Sunday, November 13, 2016


The trip to Nuremberg was indeed a bit surreal. It helps to understand a bit of the historical context of the city.

Nuremberg was essentially the capital of the Holy Roman Empire from 1050 to 1571. It was the city where the Reichstag, the Imperial Diet, was held by the emperors of the Holy Roman Empire—which was neither holy nor Roman, but that is a different story.

Nuremberg was long considered the most German of German cities, which is why the Nazis looked to it as a symbolic hub and place to hold their enormous rallies.

When I arrived on Thursday, I made my way to visit the Kaiserburg, the castle on the mountain top that served as the medieval parliament. Unfortunately, I arrived too late to visit the museum but got a spectacular view across the city as the sun was making its descent.

On a rainy Friday, I visited the Germanisches Nationalmuseum. I was going to visit the Nuremberg rally grounds but given the rain I thought it best to punt that trip to Saturday in the hopes it would be nicer. The museum, which was founded in 1852 even prior to the unification of Germany, was enormous. It was established to be a cultural statement of the German nation-state.

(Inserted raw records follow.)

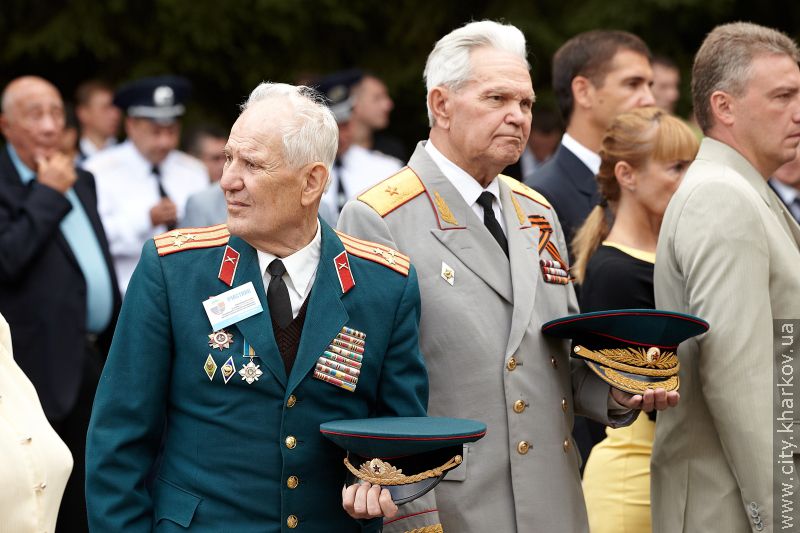 На Меморіалі Слави в Лісопарку вшанували пам'ять загиблих за Вітчизну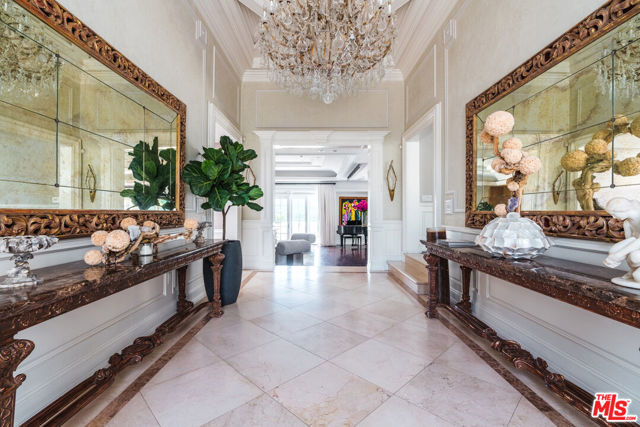 727 N Alta Drive, Beverly Hills CA: https://media.crmls.org/mediaz/8e72ff4a-1b5c-4dfb-8793-6bd5c85cef46.jpg
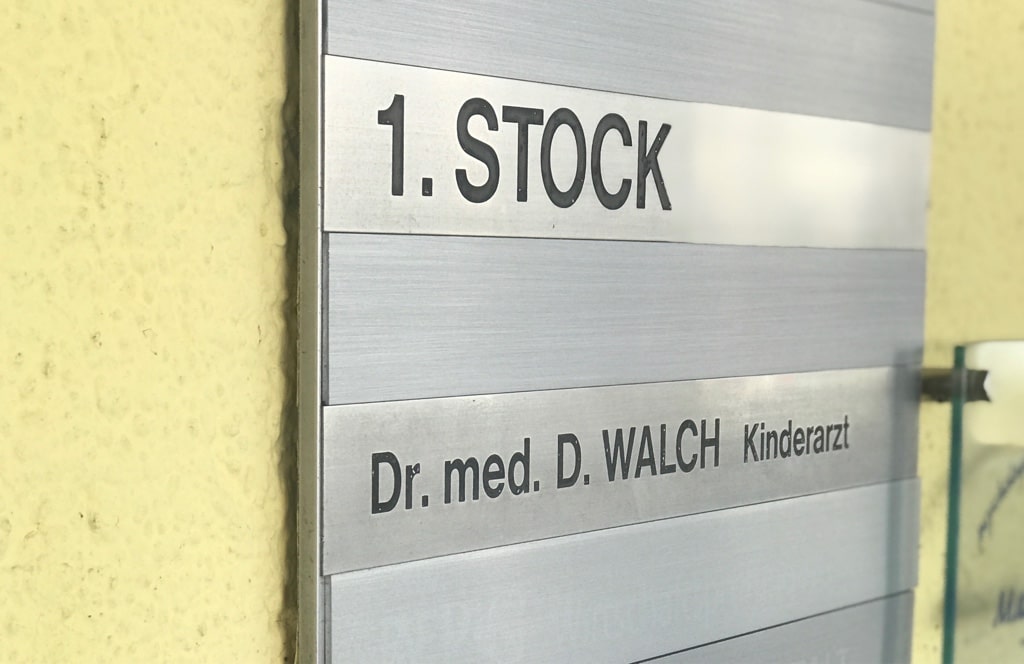 Dr. med. D. Walch Kinderarzt Tafel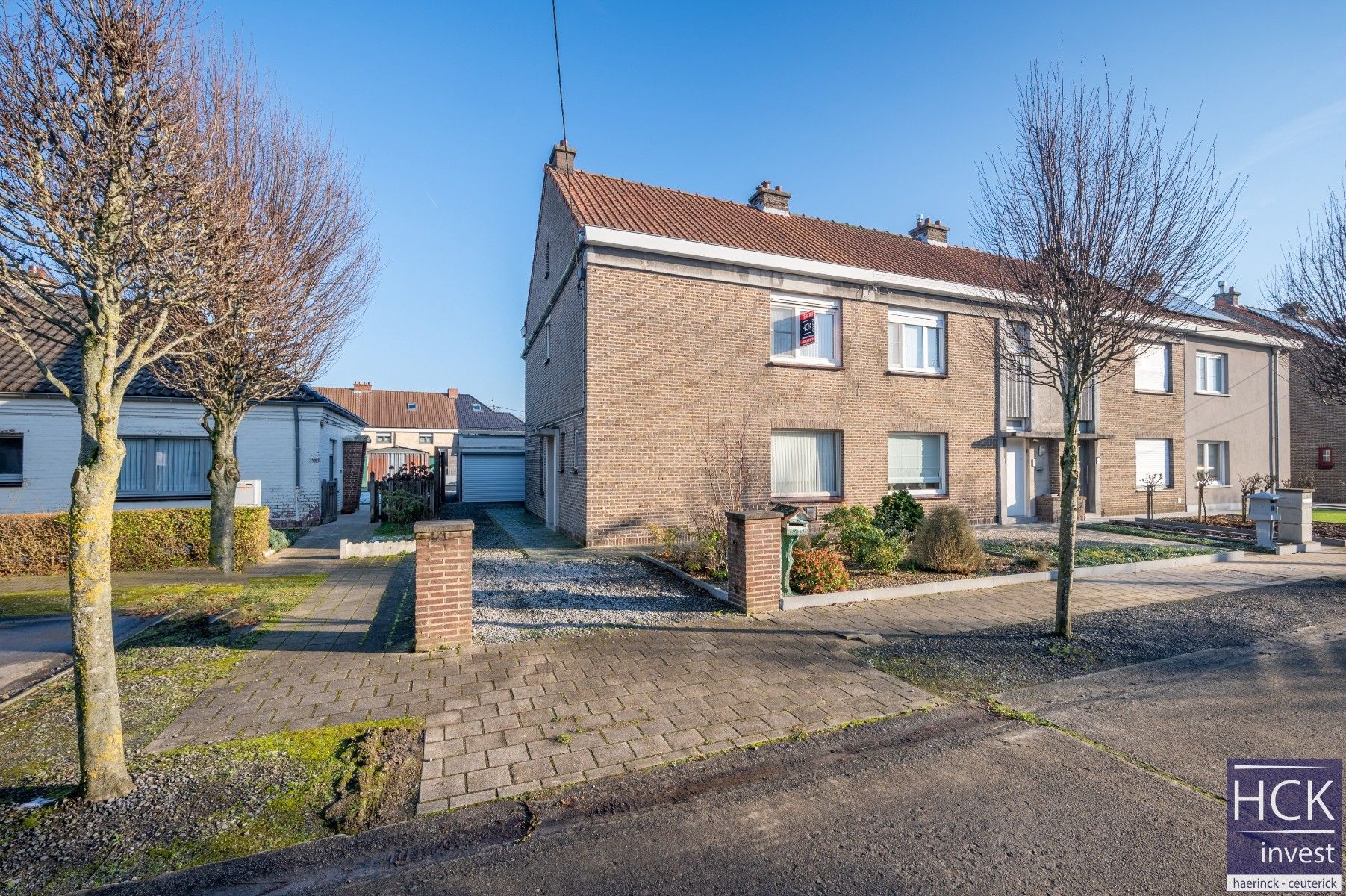 Hoofdfoto van de publicatie: WAREGEM - Goed onderhouden HOB met 3 kamers en ruime garage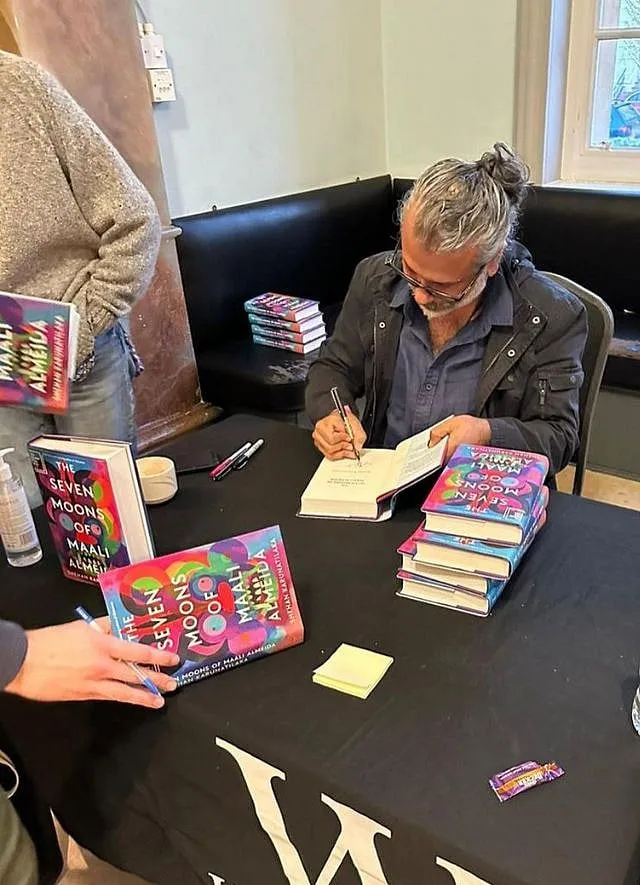 Shehan Karunatilaka signing copies of his Booker-winning book The Seven Moons of Maali Almeida at Waterstones bookstore in London. Image: Instagram.com/shehankarubooks 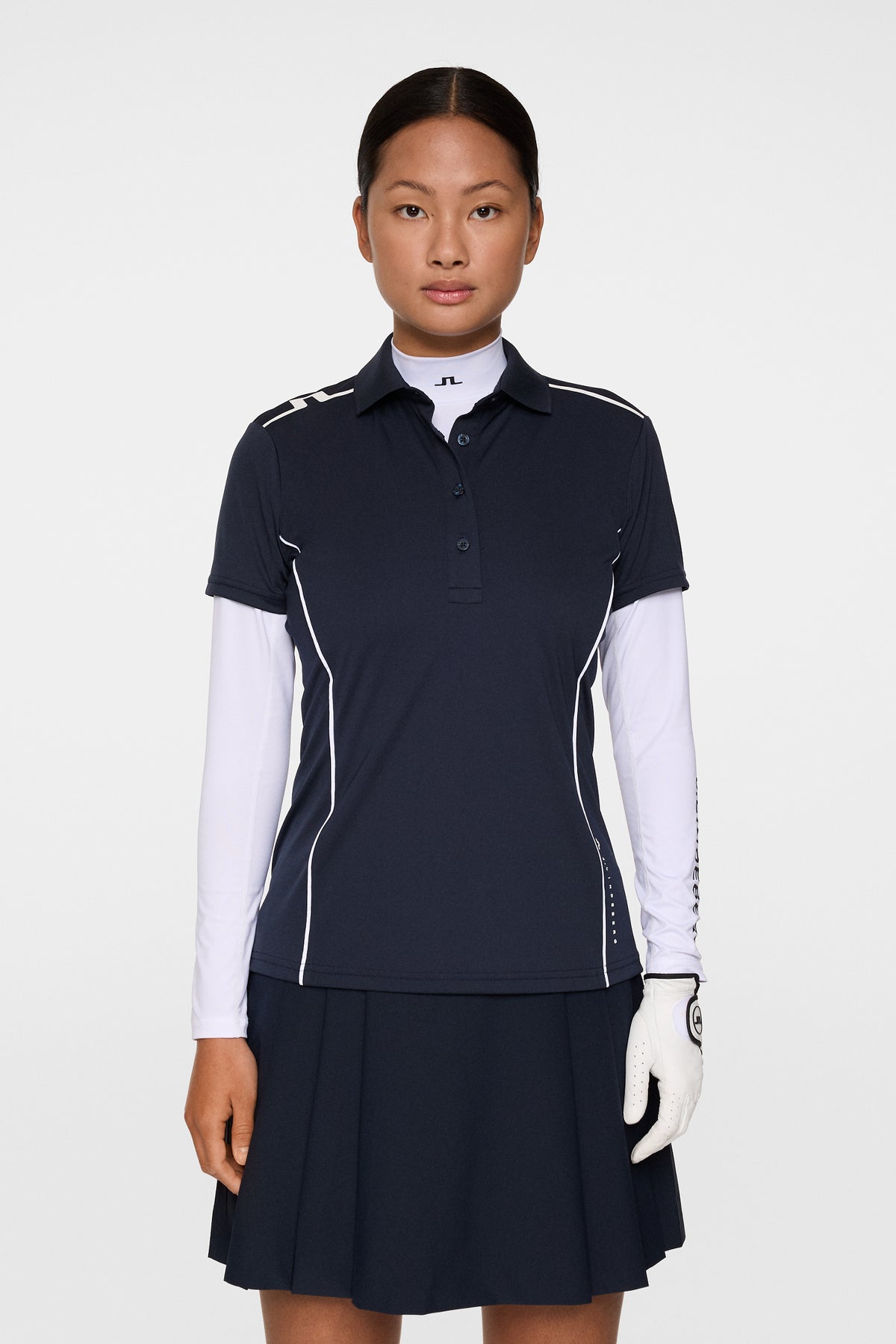 Leyla Polo in JL Navy by J.Lindeberg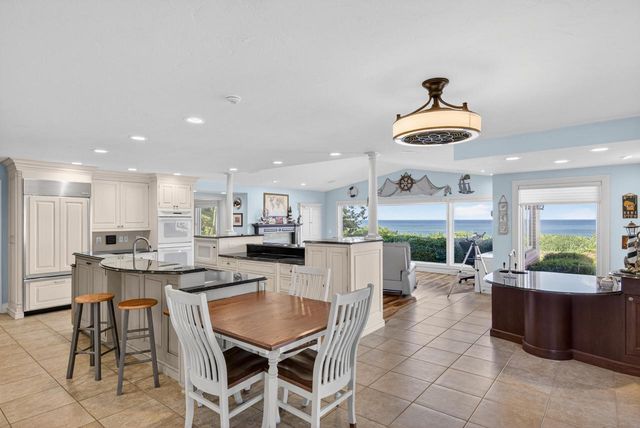 620 Oak Tree ROAD, Sheboygan, WI 53083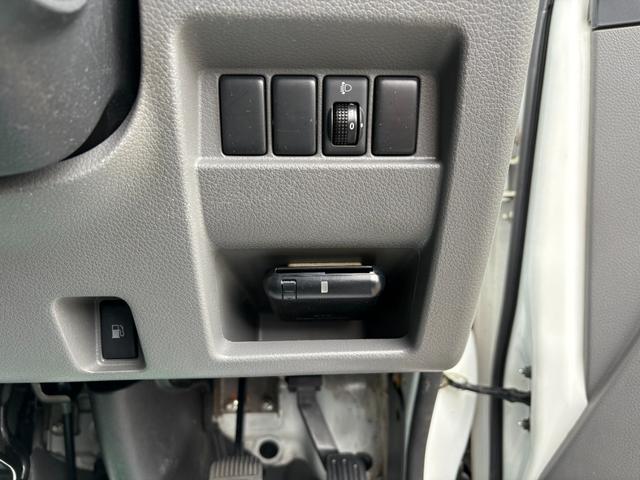 ＮＶ３５０キャラバンバン 　クーリングバン　＋５度設定　サーモキング製冷凍機　オートマ　キーレス　１．２５ｔ積み　３人乗り　両側スライドドア　ＡＢＳ　運転席エアバック（31枚目）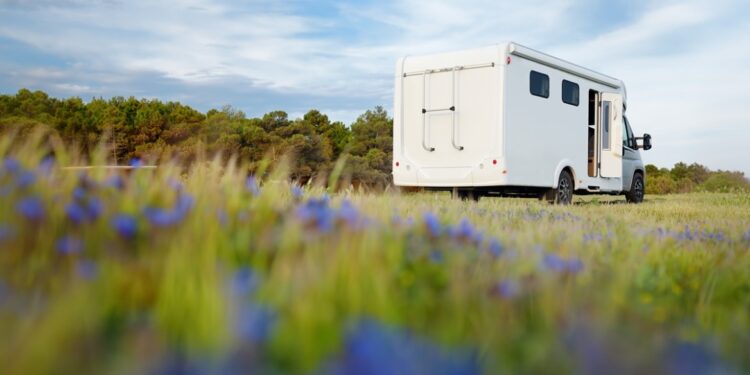Echtgenote per ongeluk achtergelaten: avontuurlijke reis met caravan
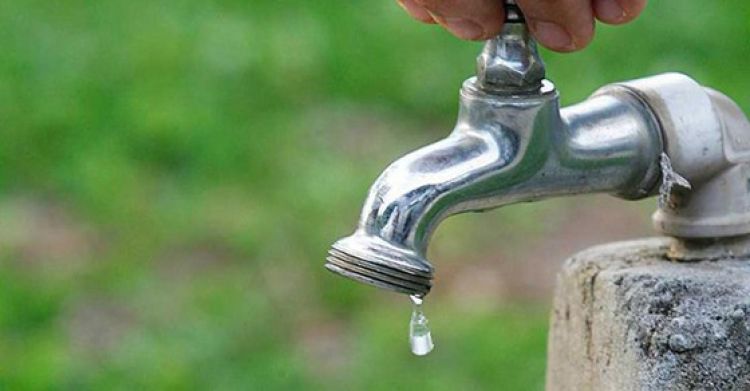 Rompimento de adutora deixa 15 bairros de Pará de Minas sem o fornecimento de água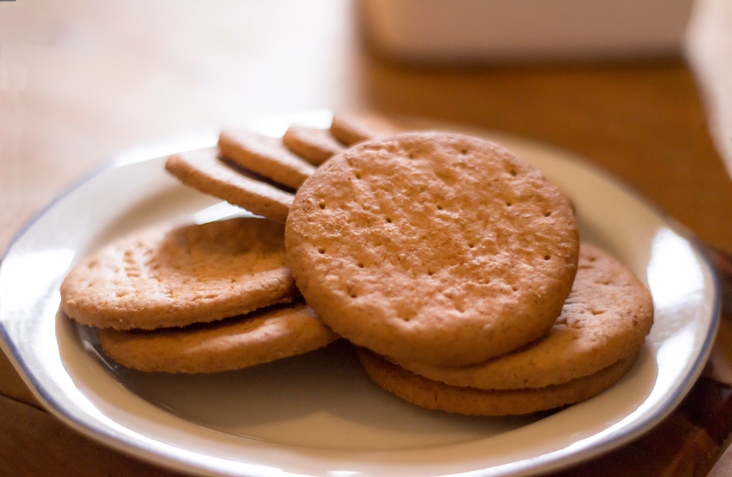 Biscotti con farina di legumi, la ricetta da non perdere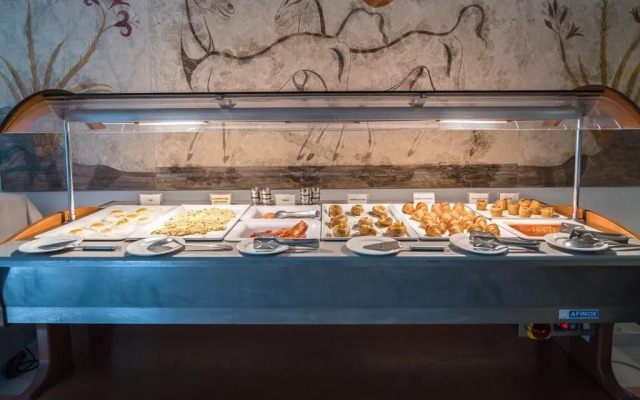 Hotel Antinea Suites & SPA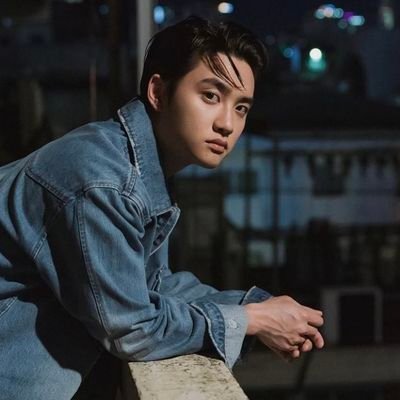 in the gray sky there is a brighter light. behind the dark clouds there is a dazzling light.
|🇵🇭Phixo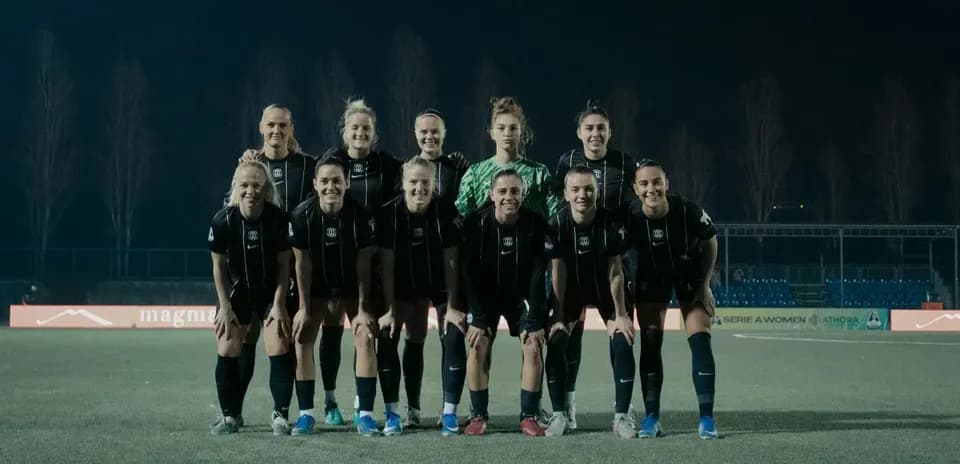 Genoa women's team posing for a group photo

I first visited the exhibition on King Charles IV, the Bohemian King and Holy Roman Emperor. The exhibit was quite interesting, on the life and time of King Charles IV, who established Charles University in Prague. The period of his reign in the 14th century was a particularly tumultuous time due to the ravages of the Black Death—as usual, blamed on the Jews, and also a small bout of climate change. It looked a bit apocalyptic at the time, which came across in the exhibit.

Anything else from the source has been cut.